We will be implementing our system for a very large govt. agency with a pretty impressive server topology, and I want to be able to measure how our system holds up to that scale (this will be bringing our application up a few orders of magnitude in terms of active/concurrent users.)
Thank you,
Wes
Kendra Little December 17, 2012 | 5:49 pm
Hi Wes,
Replay technologies are great, but they don’t cover all the basis if you have a read-write workload. Let’s say my recorded workload is updating and deleting values— if I replay it and want to increase the volume of the workload, I may end up trying to redo work that’s already been done and doesn’t “magnify” properly. (Deleting rows that are already gone, update statements that now find 0 rows to update, etc). If I try running the same insert statement more than once, I may have issues with primary key violations.

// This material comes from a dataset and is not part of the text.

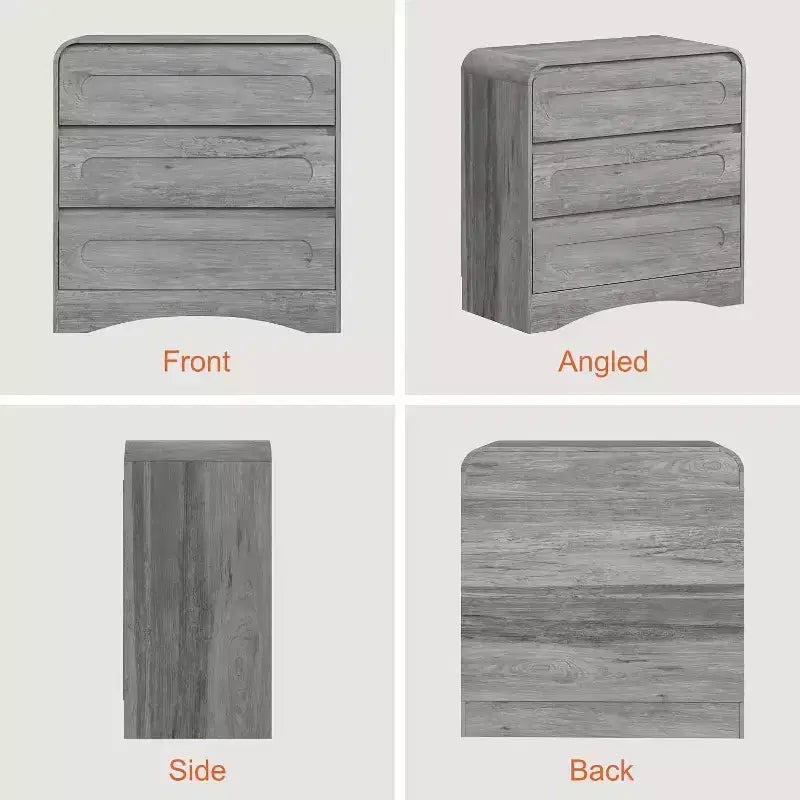 Comodino con 3 cassetti per camera da letto, cassettiera organizer in legno larga 81 cm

Test workloads that you can more reasonably scale up and down can help better to things like this. The TPC-C workload is quite limited and isn’t the ideal one. Ideally you the application in question has its own test workload that’s been designed to simulate it which is scalable. But since that’s a lot of work, I think there will be room for using TPC-C, TPC-E, and TPC-H workloads to test performance under different levels of stress for many years to come.
Thanks for the comment!
Kendra
Wes Crockett December 17, 2012 | 9:39 pm
Thanks for this reply, Kendra! I go into a meeting tomorrow with our director of development and a few other people to discuss this. I will make the recommendation that we use a product like the one outlined here.
Do you know, off the top of your head, does Red Gate have a tool for this?
Lonny Niederstadt February 20, 2013 | 7:00 am
Excellent! I had only seen SQL Server tcp-c, and no mention of tpc-h, in the hammerora/hammerdb documentation previously. And not too long ago it was noted on other blogs that TPC-H was available in hammerora for Oracle But after installing hammerdb 2.11, the tpc-h load option for SQL Server is easy to find.